Le donne, a differenza degli uomini, molto spesso sono condizionate nelle scelte lavorative a causa di gravidanze o impegni familiari.   A rendere noto che poco meno di 10milioni di donne, nel corso della propria carriera, rinuncia a lavorare per la famiglia è l’ISTAT analizzando i dati realtivi all’anno 2011.   Nell’indagine, inoltre, si rivela che molte altre donne hanno dovuto, tra l’altro, rinuciare ad un incarico o una promozione sempre per gli impegni familiari.   L’Istat nella sua indagine ricorda che però, in questi anni, sono in aumento le donne capofamiglia, nel senso che sono quelle che forniscono le entrate economiche maggiori.

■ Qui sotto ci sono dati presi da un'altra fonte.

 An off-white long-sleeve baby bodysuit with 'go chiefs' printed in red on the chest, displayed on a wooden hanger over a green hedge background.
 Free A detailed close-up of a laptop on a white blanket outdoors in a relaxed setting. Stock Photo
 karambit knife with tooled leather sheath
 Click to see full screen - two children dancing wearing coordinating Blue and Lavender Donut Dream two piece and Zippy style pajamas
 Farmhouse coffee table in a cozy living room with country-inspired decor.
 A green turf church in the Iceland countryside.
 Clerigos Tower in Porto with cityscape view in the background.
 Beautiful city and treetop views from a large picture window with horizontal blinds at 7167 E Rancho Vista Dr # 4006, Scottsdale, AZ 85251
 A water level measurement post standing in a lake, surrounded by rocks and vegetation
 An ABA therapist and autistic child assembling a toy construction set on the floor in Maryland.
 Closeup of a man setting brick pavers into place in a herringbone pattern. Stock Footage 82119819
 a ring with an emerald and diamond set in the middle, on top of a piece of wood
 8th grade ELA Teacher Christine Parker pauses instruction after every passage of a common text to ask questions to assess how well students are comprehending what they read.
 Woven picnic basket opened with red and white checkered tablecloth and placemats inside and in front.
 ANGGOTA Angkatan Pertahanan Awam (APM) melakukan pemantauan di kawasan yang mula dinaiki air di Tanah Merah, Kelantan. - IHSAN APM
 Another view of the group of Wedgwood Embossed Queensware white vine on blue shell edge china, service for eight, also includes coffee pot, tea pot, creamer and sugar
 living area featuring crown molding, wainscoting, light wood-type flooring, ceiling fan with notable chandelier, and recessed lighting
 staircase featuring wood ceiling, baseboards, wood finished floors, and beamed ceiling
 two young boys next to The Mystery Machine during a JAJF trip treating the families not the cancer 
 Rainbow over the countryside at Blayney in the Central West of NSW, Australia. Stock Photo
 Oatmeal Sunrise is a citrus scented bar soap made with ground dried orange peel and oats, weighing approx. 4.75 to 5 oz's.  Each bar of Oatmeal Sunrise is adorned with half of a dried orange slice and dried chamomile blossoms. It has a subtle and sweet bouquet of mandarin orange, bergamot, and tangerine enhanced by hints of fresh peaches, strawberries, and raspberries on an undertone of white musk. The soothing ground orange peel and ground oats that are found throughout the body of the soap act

In aumento anche le famiglie monogenitori e le donne che vivono sole. In entrambi i casi la donna rappresenta il capofamiglia. Si contano 8milioni e 200 mila donne capofamiflia, un milione in più rispetto al 2005.   Nel rapporto si registrano anche raddoppiamenti delle presenze femminili nei cda di aziende o nei seggi di Parlamento UE a dimostrazione che sempre più spesso le donne sono presenti nei vertici aziendali e politici forse anche grazie all’introduzione della norma che tutela l’alternanza di genere nelle liste dei candidati.   L’Istat a tal proposito fa presente che “negli ultimi anni sono state varate leggi che promuovono la presenza delle donne nelle istituzioni e nelle aziende e che stanno producendo gli effetti sperati: la presenza delle donne nei consigli di amministrazione delle società quotate in borsa ha raggiunto livelli alti grazie all’introduzione delle normative sopra citate: in due anni, dal 2012 al 2014, la rappresentanza femminile è raddoppiata passando dall’11,6% al 22,7%”.   Nonostante questo l’andamento dell’occupazione femminile, spiega l’Istat “negli ultimi dieci anni ha risentito della crisi che ha fermato il trend positivo di aumento degli anni precedenti”.   Sin dal 1995 l’occupazione femminile in Italia era cresciuta ma nel 2008 ha subito una battuta d’arresto anche perchè le donne, pur tenendo meglio sull’occupazione hanno subito un peggioramento della qualità del lavoro con un aumento del part rime involontario e la sovra-istruzione rispetto all’impiego.